Стрельцов уж не помню с кем из игроков сидел за столиком, помню только, что ел он из вазочки розовое мороженое…
Конфликт произошел на ровном месте. Нас взяли в автобус, который доставлял футболистов на стадион. Мы влезли в салон заранее. Из посторонних, кроме нас, был еще папа нового игрока «Торпедо» Гулямхайдарова, смуглый крестьянин с орденом Ленина на лацкане плохо сшитого серого костюма. Футболисты еще спрашивали Гулямхайдарова: фартовый ли у него отец? Вопрос в том: фартовые ли мы? — вроде бы и не ставился: мы проходили как приятели тренера. В команде совсем немного оставалось наших знакомых с шестьдесят четвертого года.
Иванов вошел в автобус последним. И Алик Марьямов в своей манере шутить громко спросил: «Тренер тоже поедет?» Чем вызвал гневную вспышку Кузьмы. Чувствовалось, что он старается сдержаться, но не может. Пригрозив нас выгнать, он все же ограничился язвительным замечанием о качестве марьямовского юмора. Автобус тронулся. Я оцепенел от стыда. Посмотрел на Стрельцова. Он мне улыбнулся. А может быть, и не мне — моему виду ошарашенному. Стрельцову, допустим, было все равно, кто едет с ними, кто не едет. Но остальные игроки, по-моему, выглядели озабоченными: зачем же тренер берет в дорогу на стадион людей, им, как выяснилось, непроверенных?
Нам не следовало ехать в автобусе с командой, как и не следовало пить за обедом в ресторане. Но и деться нам теперь было некуда. Мы остались за кулисами. Иванов — и в подражание ему остальные штабисты, включая выпивавшего с нами Жору Каменского, — не замечал нас. Мы старались держаться как ни в чем не бывало. Долго беседовали с Ворониным — он тоже, видимо, не знал, куда себя деть…
Валерий Винокуров прилетел на матч как корреспондент «Советского спорта». Он был нашим ровесником, но мы к нему относились несколько свысока. Винокуров закончил, если я ничего сейчас не путаю, институт связи. И работал одно время на «Мосфильме» с первой женой Марьямова Катей. Катя Попова и тогда уже котировалась в качестве подающего надежды звукооператора — сейчас она обладательница «Ник» и прочих кинематографических призов — а Валерий Изидорович, влюбленный в футбол, рвался из кино в журналистику.
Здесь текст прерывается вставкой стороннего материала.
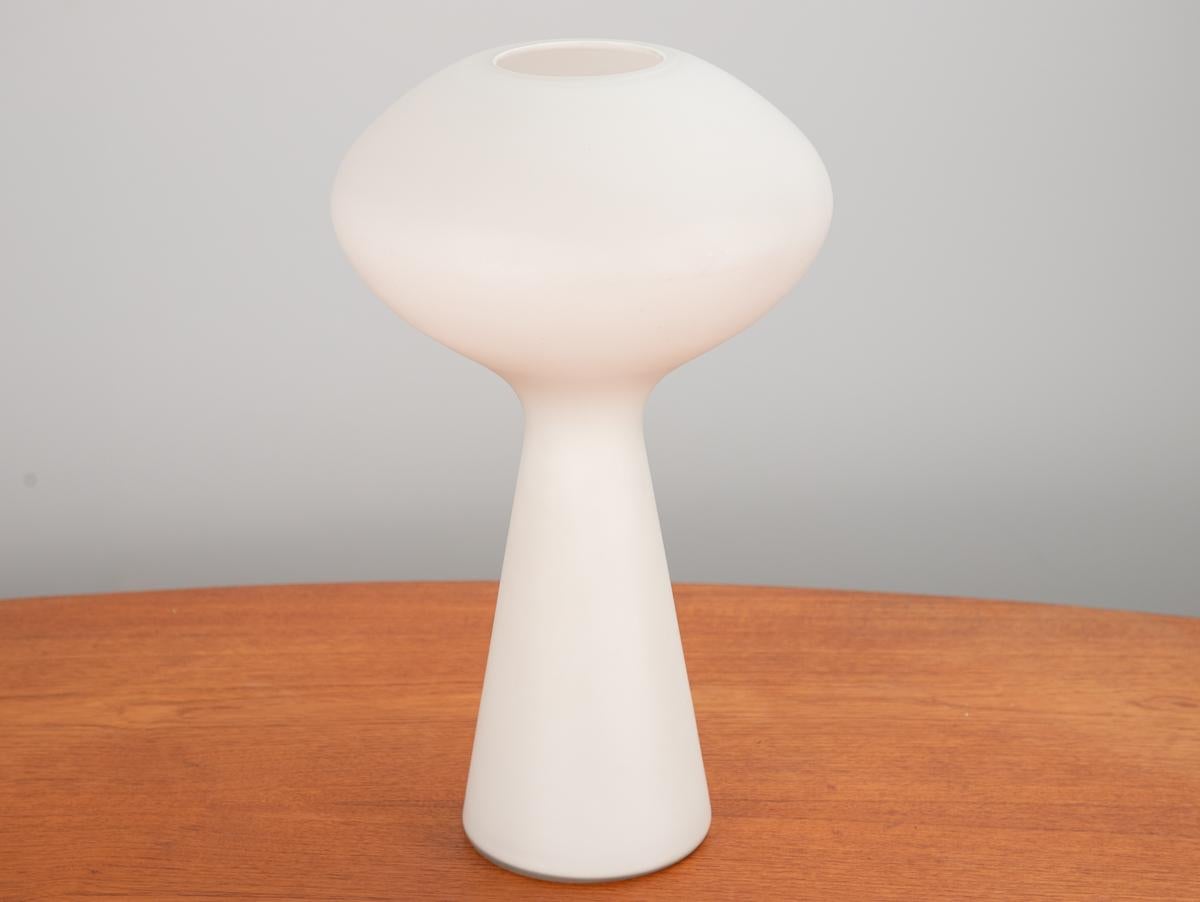 Organic modern table lamp, designed by Lisa Johansson-Pape. Handblown glass is shaped in a pleasing yet playful mushroom form. Lovely opaline quality to the glass. An elongated form, this is the larger version of this design. In good condition, with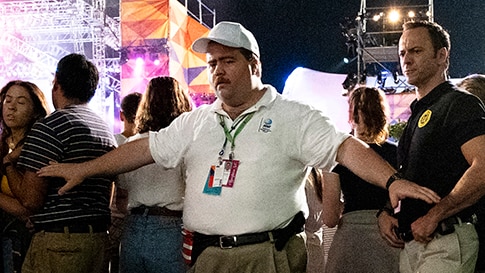 Two men wearing cargo pants and white polo and caps hold back crowd at outdoor night time event in a grass area.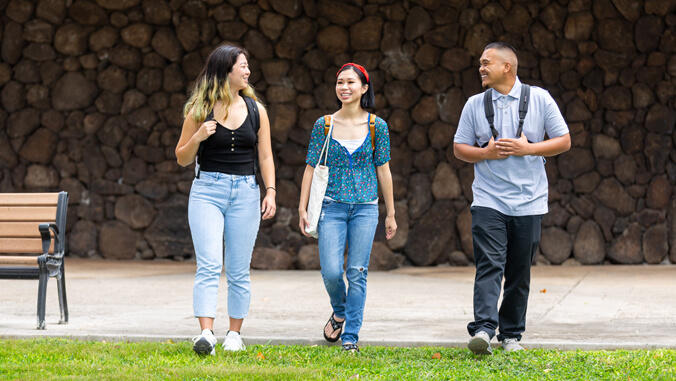 Three smiling students walking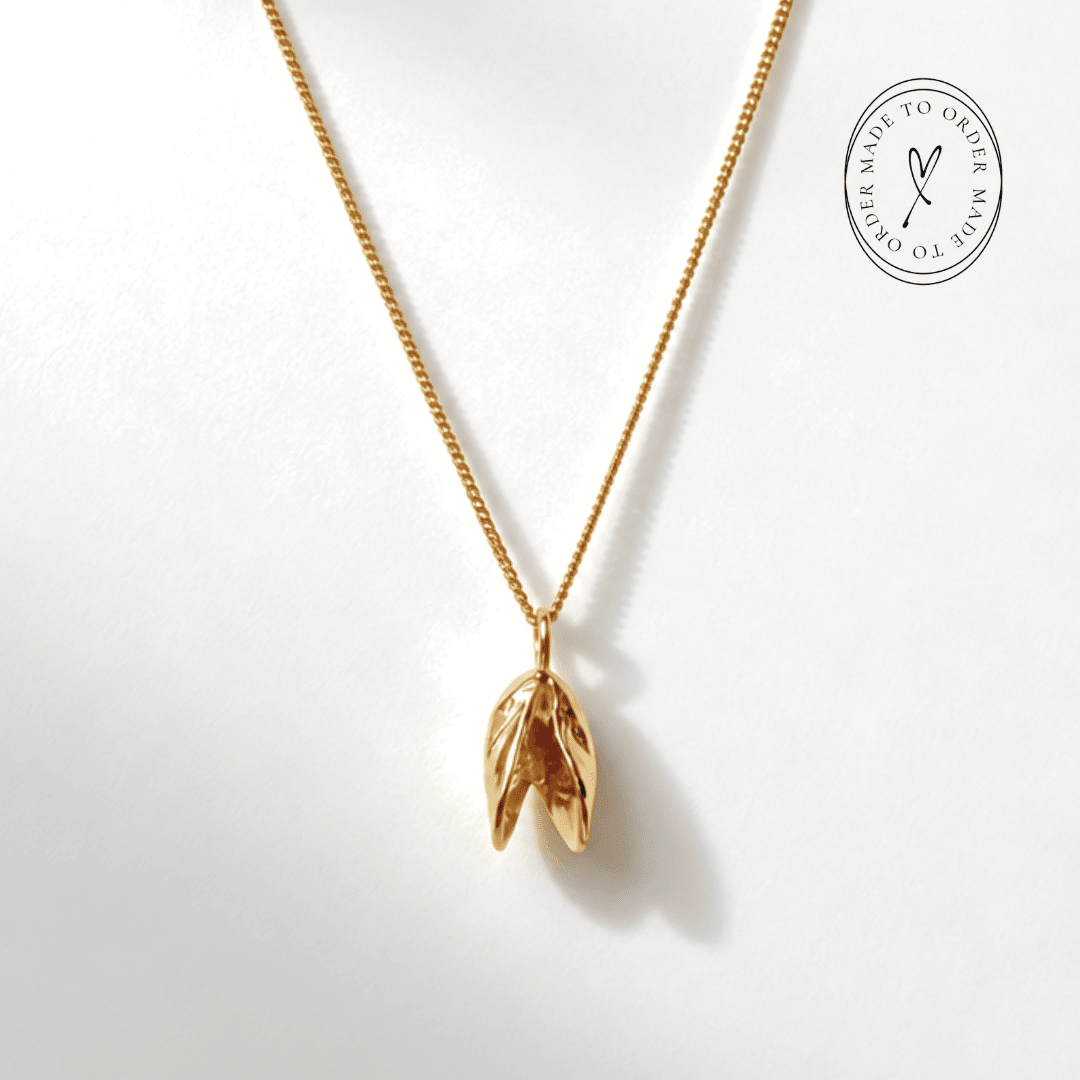 Solid 9ct yellow gold mussel seashell necklace with 1.5cm pendant on an 18 inch chain, handcrafted coastal fine jewellery by Dainty London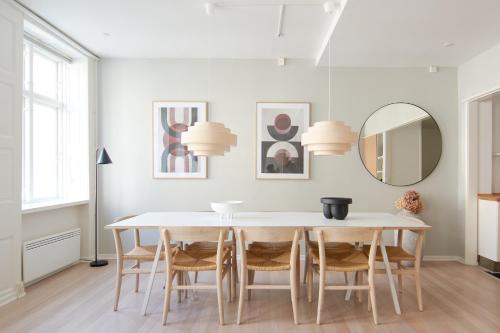 una sala da pranzo con tavolo, sedie e specchio di 2BR in Vibrant & Colourful Nyhavn Copenhagen City a Copenaghen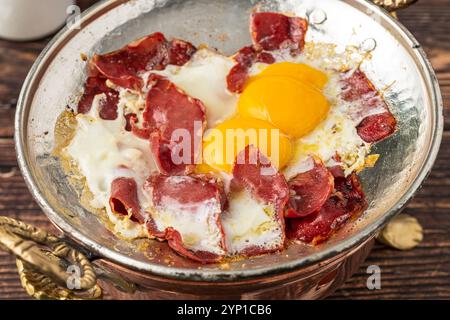 Traditional Turkish breakfast eggs with fried pastrami or bacon. Turkish name Pastirmali yumurta Stock Photo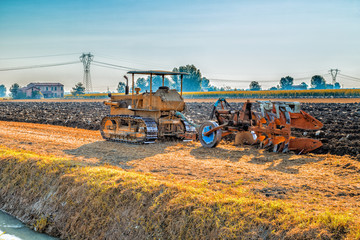 old tractor plowing a field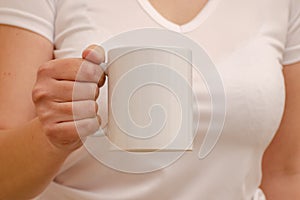 A woman in a white T-shirt holds a white mug in her hand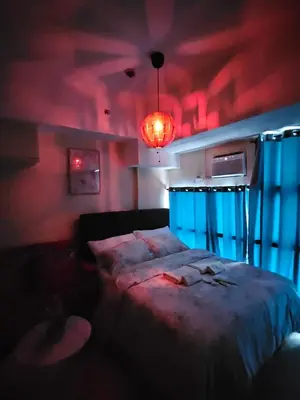a bedroom with a bed and a red light at Elivion Staycations in McKinley Hill BGC with Pool near Venice Mall in Manila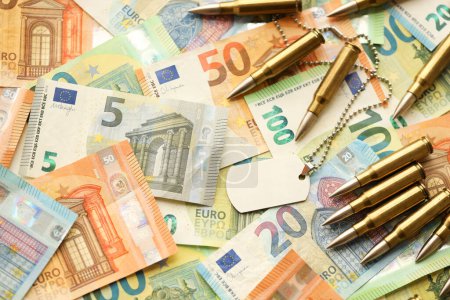 Gelbe Patronen und Hüllen auf Euro-Banknoten. Viele Scheine der Währung der Europäischen Union und Munition aus nächster Nähe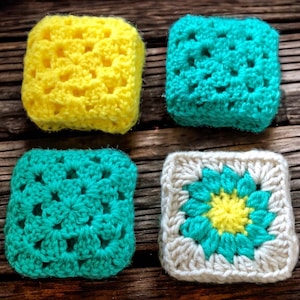 May include: Four crocheted squares in different colors and patterns. One square is yellow, one is turquoise, and two are white with a turquoise and yellow center.
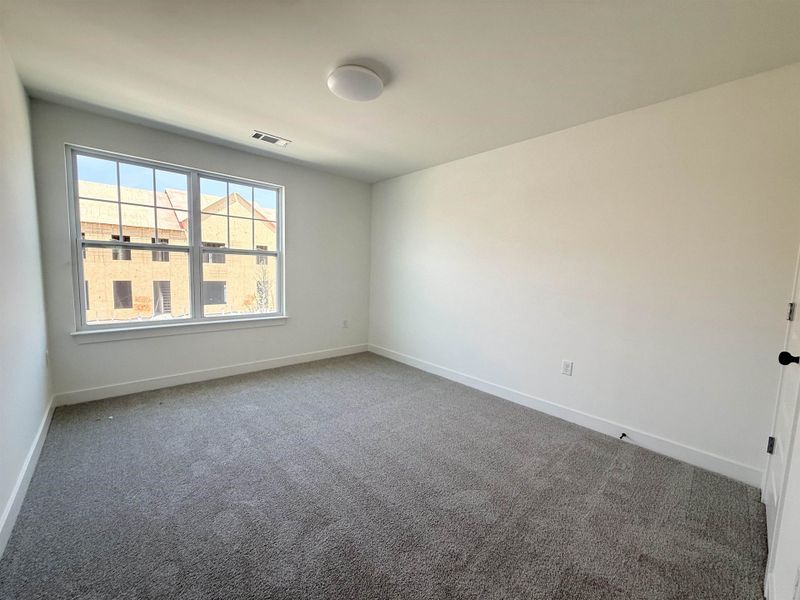 Carpeted spare room with baseboards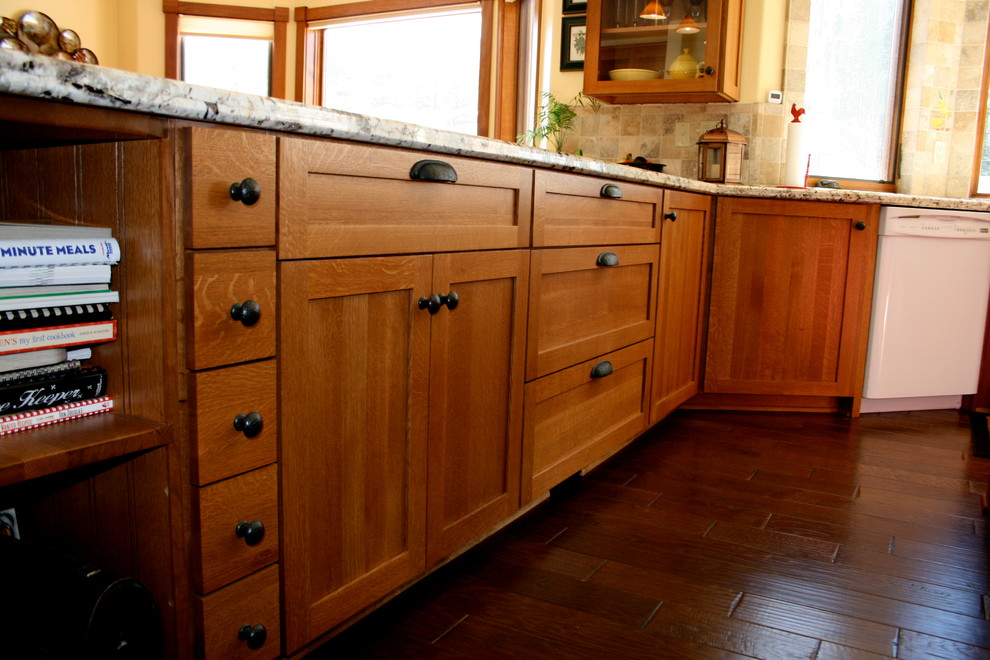 This is an example of a large rural u-shaped kitchen/diner in San Francisco with a submerged sink, shaker cabinets, light wood cabinets, granite worktops, beige splashback, cement tile splashback, white appliances, medium hardwood flooring and an island.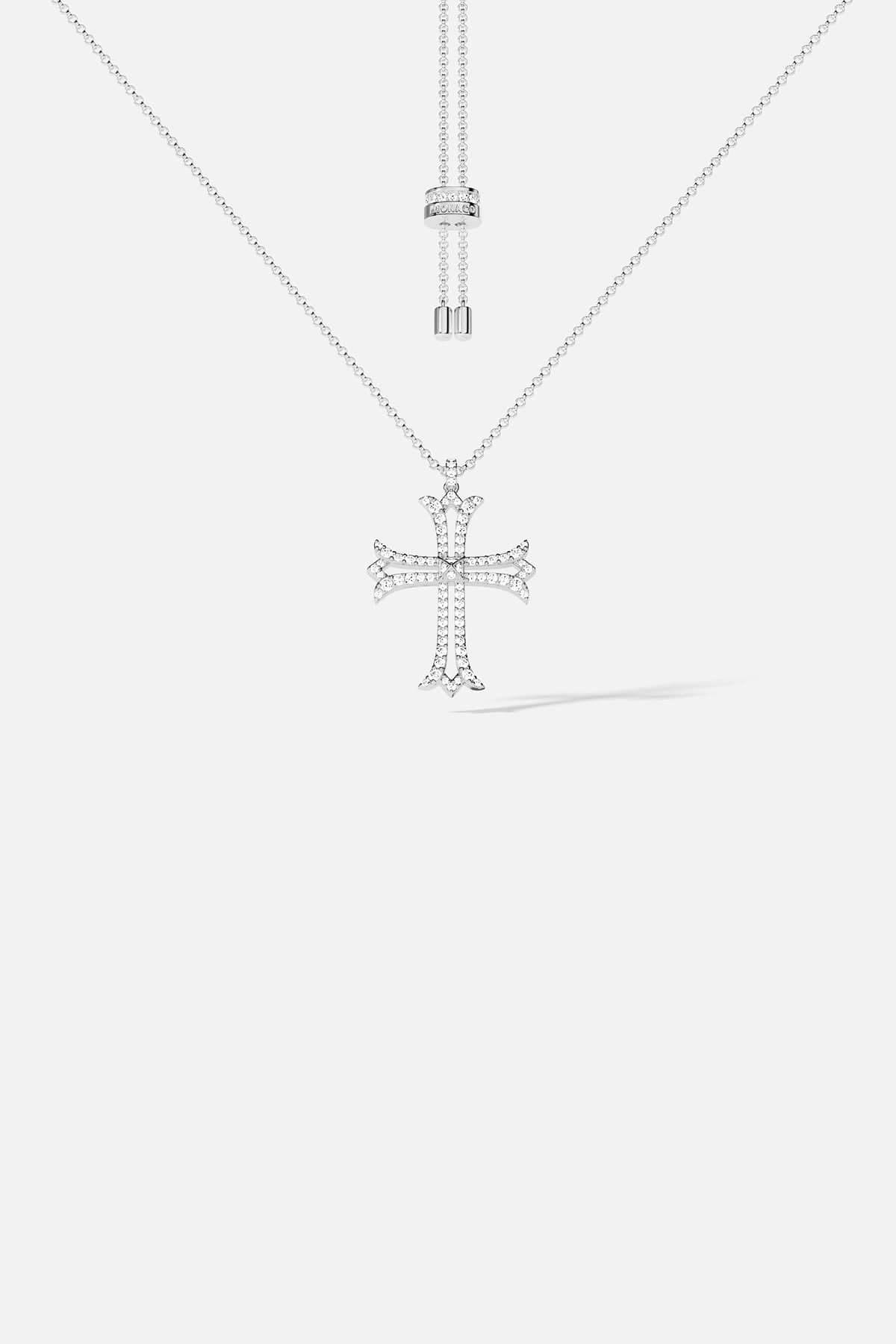 cross pendant necklace on a white background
И вот сейчас он находился при исполнении обязанностей — и Валентин Козьмич Иванов терпеливо выслушивал его вопросы, чего-то отвечал ему, а не грозил откуда-либо выгнать. Мы смотрели свысока на Винокурова не из-за завышенной самооценки — при том, что такая самооценка имела место и по сей день сохранилась, — а потому, что близость свою к футболистам мы ставили выше журналистской профессии. Мы считали, что знакомство это дает нам особое знание, выгодно отличающее нас от коллег, которых мы и коллегами-то не считали, если быть до конца откровенным. У нас были иные жизненные планы, чем у пишущих про футбол корреспондентов.